AGENCY: Fish and Wildlife Service, Interior.

ACTION: Proposed rule; reopening of comment period and notice of 
availability of draft economic analysis.


SUMMARY: We, the U.S. Fish and Wildlife Service, announce the reopening 
of the public comment period on the proposal to designate critical 
habitat for the Klamath River and Columbia River populations of bull 
trout (Salvelinus confluentus), and the availability of the draft 
economic analysis of the proposed designation of critical habitat. We 
are reopening the comment period to allow all interested parties to 
comment simultaneously on the proposed rule and the associated draft 
economic analysis. Comments previously submitted need not be 
resubmitted as they will be incorporated into the public record as part 
of this comment period, and will be fully considered in preparation of 
the final rule.

DATES: We will accept public comments until May 5, 2004.
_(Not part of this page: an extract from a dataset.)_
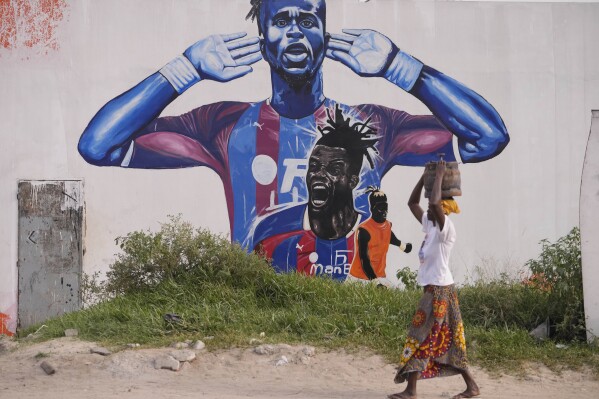 A woman walks past a portrait of Ivory Coast Soccer player Wilfried Zaha on the street in Abidjan, Ivory Coast, Monday, Feb. 5, 2024. (APPhoto/Sunday Alamba)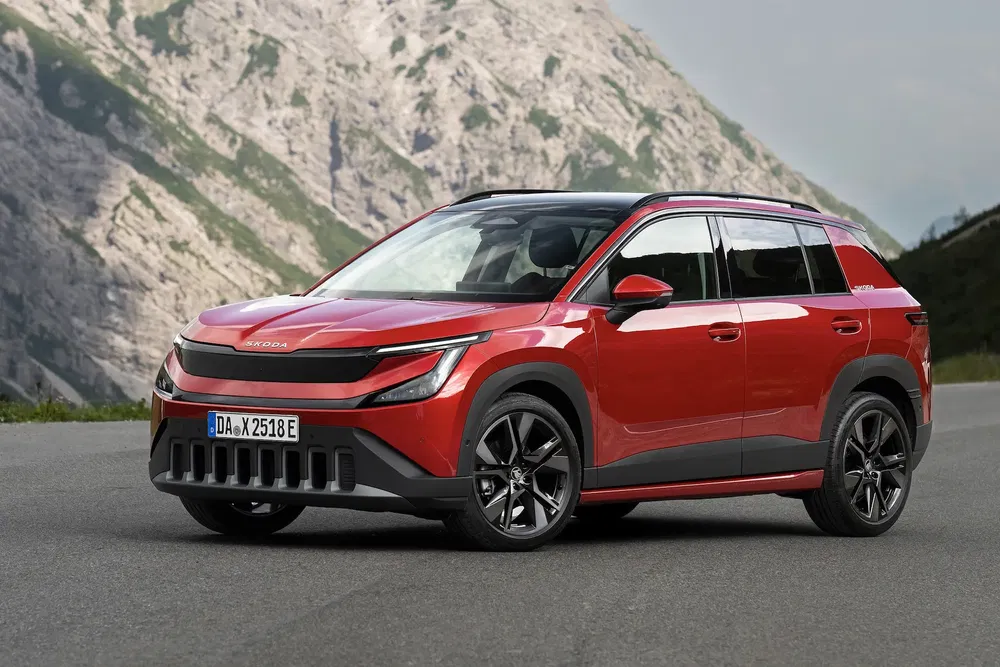 SUV Skoda moderne rouge garé devant des montagnes imposantes.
ADDRESSES: Written comments and materials may be submitted to us by any 
one of the following methods:
    1. You may submit written comments and information to John Young, 
Bull Trout Coordinator, U.S. Fish and Wildlife Service, Ecological 
Services, 911 NE 11th Avenue, Portland, OR 97232;
    2. You may hand-deliver written comments and information to our 
office, at the above address, or fax your comments to 503/231-6243; or
    3. You may also send comments by electronic mail (e-mail) to:
    R1BullTroutCH@r1.fws.gov. For directions on how to submit 
electronic filing of comments, see the ``Public Comments Solicited'' 
section. In the event that our internet connection is not functional, 
please submit you comments by the alternate methods mentioned above.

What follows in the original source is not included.